Check again with the school. Another person here with Muslim/Christian/Jewish friends and family who has never heard of girls of 8 being told to cover their faces to enter a religious place in the UK.

thebody · 28/05/2013 17:21

Curryeater, spot on post.

Hummuschocolate · 28/05/2013 17:27

Like others have said, wait til you've found out a bit more information before not letting her ago. She can always but leggings/tights under her dress then taken them off when not needed.

No Church would ask people to 'uncover' except perhaps to take hats off. Your 'if the roles were reversed' argument doesn't really work.
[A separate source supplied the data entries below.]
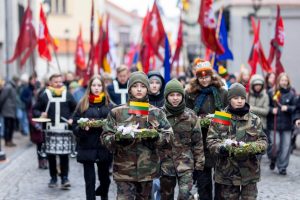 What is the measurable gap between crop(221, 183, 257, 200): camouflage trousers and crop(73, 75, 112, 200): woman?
2.08 meters

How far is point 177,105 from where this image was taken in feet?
25.9

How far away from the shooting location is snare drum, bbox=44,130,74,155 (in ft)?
35.7

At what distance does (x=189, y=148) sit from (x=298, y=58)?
23652 millimetres

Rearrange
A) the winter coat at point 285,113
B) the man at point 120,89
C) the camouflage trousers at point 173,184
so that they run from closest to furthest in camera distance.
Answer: the camouflage trousers at point 173,184, the man at point 120,89, the winter coat at point 285,113

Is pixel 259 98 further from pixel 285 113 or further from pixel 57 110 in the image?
pixel 57 110

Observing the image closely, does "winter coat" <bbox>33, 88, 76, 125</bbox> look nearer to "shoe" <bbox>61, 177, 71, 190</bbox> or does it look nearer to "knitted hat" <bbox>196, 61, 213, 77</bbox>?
"shoe" <bbox>61, 177, 71, 190</bbox>

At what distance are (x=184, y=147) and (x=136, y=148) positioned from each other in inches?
32.0

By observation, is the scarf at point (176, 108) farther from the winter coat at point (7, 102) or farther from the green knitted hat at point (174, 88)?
the winter coat at point (7, 102)

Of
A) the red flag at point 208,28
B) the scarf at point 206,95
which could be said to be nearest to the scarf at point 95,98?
the scarf at point 206,95

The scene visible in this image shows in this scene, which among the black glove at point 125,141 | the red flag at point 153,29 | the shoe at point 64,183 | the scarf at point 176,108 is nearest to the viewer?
the black glove at point 125,141

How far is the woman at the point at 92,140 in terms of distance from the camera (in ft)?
30.3

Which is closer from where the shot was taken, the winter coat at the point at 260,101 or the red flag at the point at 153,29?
the winter coat at the point at 260,101

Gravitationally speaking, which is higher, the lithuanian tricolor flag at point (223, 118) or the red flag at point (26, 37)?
the red flag at point (26, 37)

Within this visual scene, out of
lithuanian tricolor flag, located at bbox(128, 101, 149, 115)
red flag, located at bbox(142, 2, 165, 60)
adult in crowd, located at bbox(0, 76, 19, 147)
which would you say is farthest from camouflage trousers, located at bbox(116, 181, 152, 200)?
adult in crowd, located at bbox(0, 76, 19, 147) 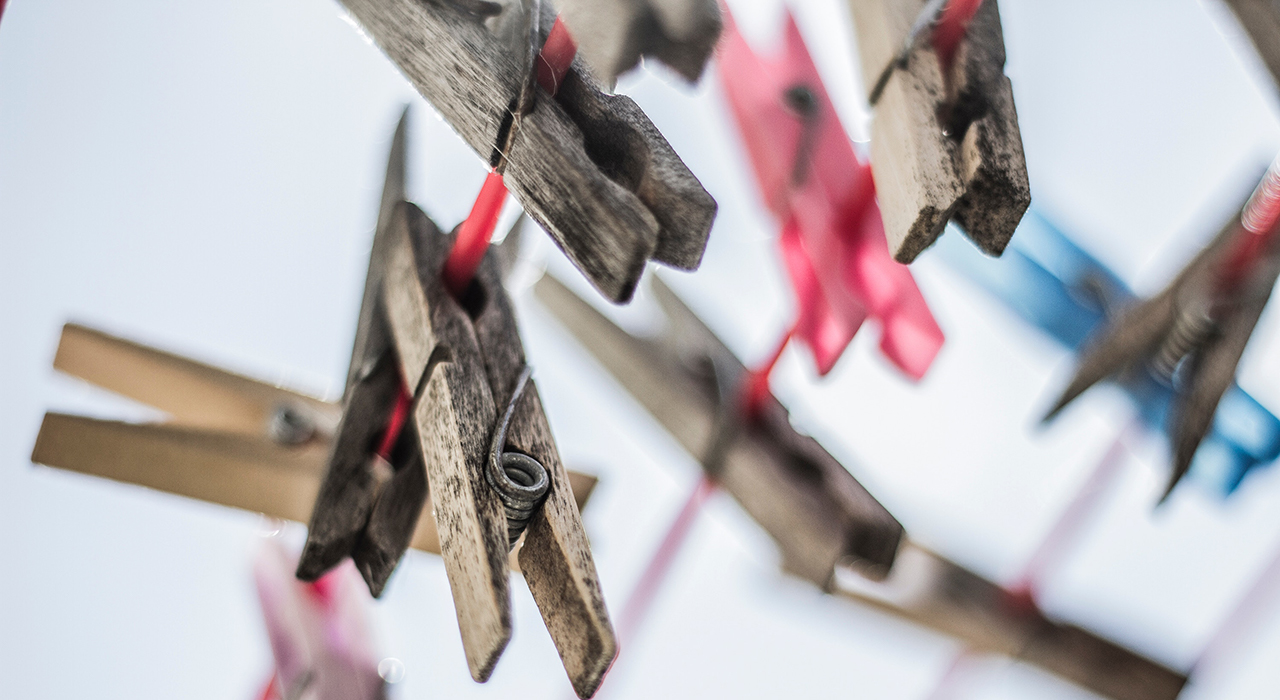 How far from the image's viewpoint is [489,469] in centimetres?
57

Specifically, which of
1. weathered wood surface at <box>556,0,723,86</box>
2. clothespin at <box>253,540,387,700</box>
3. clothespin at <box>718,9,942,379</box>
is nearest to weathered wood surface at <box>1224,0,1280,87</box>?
clothespin at <box>718,9,942,379</box>

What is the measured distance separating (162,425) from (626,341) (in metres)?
0.60

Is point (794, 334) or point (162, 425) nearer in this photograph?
point (162, 425)

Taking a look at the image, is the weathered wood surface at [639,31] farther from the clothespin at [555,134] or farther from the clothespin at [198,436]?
the clothespin at [198,436]

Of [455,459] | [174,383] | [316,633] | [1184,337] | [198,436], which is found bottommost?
[316,633]

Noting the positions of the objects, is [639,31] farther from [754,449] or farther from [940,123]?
[754,449]

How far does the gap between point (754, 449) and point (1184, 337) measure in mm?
517

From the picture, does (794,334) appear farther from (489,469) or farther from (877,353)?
(489,469)

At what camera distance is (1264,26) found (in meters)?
0.89

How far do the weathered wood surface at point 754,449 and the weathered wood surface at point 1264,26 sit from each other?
0.58m

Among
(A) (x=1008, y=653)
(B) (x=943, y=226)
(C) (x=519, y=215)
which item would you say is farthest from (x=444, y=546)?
(A) (x=1008, y=653)

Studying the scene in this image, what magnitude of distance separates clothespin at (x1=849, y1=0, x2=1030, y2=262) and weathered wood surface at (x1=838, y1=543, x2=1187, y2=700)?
2.76ft

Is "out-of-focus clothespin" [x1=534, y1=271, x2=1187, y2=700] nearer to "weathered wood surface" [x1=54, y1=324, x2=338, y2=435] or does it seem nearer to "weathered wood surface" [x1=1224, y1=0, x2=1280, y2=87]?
"weathered wood surface" [x1=54, y1=324, x2=338, y2=435]

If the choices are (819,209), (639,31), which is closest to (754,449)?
(819,209) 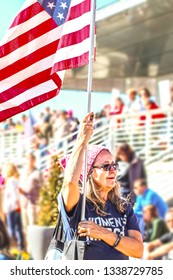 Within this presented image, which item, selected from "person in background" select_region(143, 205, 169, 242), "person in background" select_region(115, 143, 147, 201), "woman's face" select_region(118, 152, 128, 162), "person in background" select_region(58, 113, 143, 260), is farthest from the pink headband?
"woman's face" select_region(118, 152, 128, 162)

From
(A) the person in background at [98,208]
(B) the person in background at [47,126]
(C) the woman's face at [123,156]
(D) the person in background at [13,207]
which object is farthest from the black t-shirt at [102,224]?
(B) the person in background at [47,126]

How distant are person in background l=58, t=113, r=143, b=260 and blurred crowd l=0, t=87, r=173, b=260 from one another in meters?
5.37

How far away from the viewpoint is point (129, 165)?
1103 centimetres

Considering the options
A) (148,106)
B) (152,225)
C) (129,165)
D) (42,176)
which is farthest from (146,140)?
(152,225)

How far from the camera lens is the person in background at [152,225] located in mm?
9000

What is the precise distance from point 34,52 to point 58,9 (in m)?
0.30

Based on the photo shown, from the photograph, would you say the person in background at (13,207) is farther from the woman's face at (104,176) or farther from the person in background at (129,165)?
the woman's face at (104,176)

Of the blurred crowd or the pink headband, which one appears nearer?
the pink headband

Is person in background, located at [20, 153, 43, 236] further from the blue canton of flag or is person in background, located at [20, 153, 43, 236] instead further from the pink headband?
the pink headband

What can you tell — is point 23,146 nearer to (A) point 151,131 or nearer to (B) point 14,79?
(A) point 151,131

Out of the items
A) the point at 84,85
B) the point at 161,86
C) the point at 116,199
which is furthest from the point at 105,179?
the point at 84,85

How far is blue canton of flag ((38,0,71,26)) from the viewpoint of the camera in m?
4.72

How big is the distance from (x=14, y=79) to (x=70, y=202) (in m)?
1.22

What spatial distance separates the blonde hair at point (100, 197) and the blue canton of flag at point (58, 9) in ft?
3.77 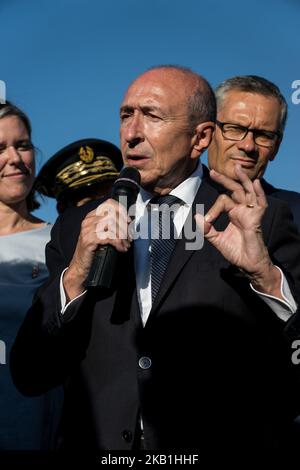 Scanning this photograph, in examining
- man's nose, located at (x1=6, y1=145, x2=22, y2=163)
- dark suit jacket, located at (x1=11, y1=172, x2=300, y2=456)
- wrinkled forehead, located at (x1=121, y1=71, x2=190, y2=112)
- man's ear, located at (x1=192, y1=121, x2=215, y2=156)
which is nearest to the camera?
dark suit jacket, located at (x1=11, y1=172, x2=300, y2=456)

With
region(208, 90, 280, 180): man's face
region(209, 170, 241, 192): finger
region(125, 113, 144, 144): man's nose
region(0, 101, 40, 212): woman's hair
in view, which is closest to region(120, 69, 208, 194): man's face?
region(125, 113, 144, 144): man's nose

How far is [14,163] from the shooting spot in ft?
13.5

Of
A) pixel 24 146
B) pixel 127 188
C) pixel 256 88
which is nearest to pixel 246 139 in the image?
pixel 256 88

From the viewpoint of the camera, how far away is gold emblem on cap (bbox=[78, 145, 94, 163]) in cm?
528

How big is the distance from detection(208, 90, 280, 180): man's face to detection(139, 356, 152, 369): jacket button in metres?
1.61

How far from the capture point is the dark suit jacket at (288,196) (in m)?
3.93

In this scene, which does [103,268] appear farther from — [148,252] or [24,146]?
[24,146]

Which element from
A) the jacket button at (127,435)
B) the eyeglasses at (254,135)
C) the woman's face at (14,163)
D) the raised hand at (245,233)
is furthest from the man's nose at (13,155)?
the jacket button at (127,435)

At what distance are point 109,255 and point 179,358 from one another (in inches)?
19.5

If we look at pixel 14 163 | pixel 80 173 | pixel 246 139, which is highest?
pixel 246 139

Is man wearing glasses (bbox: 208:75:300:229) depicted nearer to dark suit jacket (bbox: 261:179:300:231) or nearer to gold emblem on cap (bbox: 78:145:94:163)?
dark suit jacket (bbox: 261:179:300:231)

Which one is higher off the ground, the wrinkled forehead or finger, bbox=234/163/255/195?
the wrinkled forehead

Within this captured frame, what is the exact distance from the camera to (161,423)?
2857mm

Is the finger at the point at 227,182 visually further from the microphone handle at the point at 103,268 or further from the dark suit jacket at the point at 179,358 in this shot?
the microphone handle at the point at 103,268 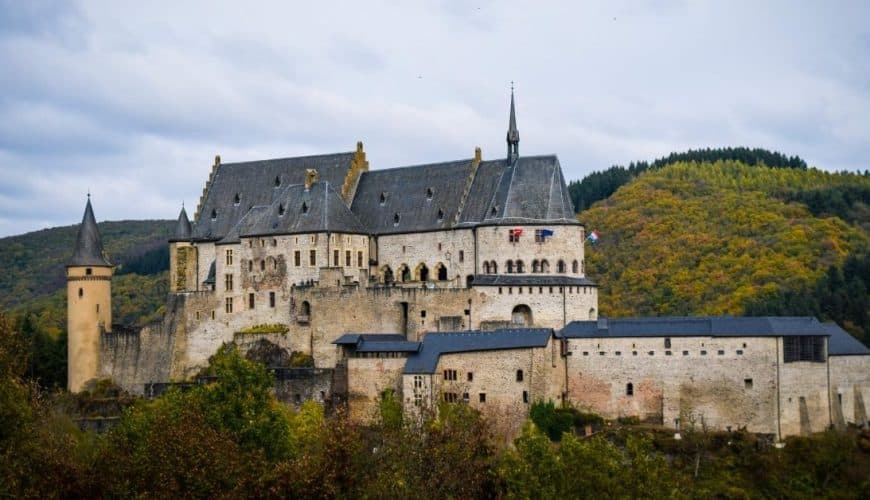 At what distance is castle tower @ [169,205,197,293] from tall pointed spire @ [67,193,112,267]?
4.32m

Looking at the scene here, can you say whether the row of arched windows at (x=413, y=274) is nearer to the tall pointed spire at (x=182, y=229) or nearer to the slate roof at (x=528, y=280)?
the slate roof at (x=528, y=280)

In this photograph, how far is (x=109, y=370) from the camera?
85188 mm

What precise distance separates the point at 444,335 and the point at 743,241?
5208 cm

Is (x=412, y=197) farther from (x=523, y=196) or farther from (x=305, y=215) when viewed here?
(x=523, y=196)

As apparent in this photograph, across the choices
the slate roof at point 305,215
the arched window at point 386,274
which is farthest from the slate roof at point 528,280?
the slate roof at point 305,215

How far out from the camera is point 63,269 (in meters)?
162

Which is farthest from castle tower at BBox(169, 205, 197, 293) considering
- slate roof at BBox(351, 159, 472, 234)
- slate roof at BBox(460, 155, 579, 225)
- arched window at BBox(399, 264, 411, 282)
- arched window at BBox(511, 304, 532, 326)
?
arched window at BBox(511, 304, 532, 326)

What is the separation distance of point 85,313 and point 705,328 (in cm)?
3708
starfishmummy · 28/05/2013 17:30

Covering the face sounds unusual - I have visited mosques, gurdwaras, Hindu and Jain temples and whilst I have been asked to cover my head and remove shoes I have never had to cover my face.

Would a long cotton skirt suffice for her legs if it is warm weather (today trousers would seem fine!!)?

TheHumancatapult · 28/05/2013 17:39

I would check yourself dd and ds have done various trips and dd has never been asked to cover her face and neither have I .and I have been to various mosques and temples

As for the clothing I would use it as chance talk to dd about tolerance and respecting someone else's faith .
Dd at 10 accepts when we attend weddings at a mosque ( we have friebds both sikih and muslim ) that now older needs cover her head but will often opt for a long ankle length skirt over trousers . Though they do not expect her to keep in at party after as she is still pre puberty but sometimes does . And meh I keep mine I. Through party as its curtesy

Theas18 · 28/05/2013 18:02

Bunfight over nothing.

Wear summer dress. Take joggers or leggings. Pop them on just before going on trip and remove after, ditto MN scarf.

revoltingpeasant she may have " very definite ideas" about dressing but she also needs to learn to respect other peoples beliefs

Floggingmolly · 28/05/2013 18:08

What a fuss about nothing... I'll bet you anything you like, op, that there is no covering of the face involved.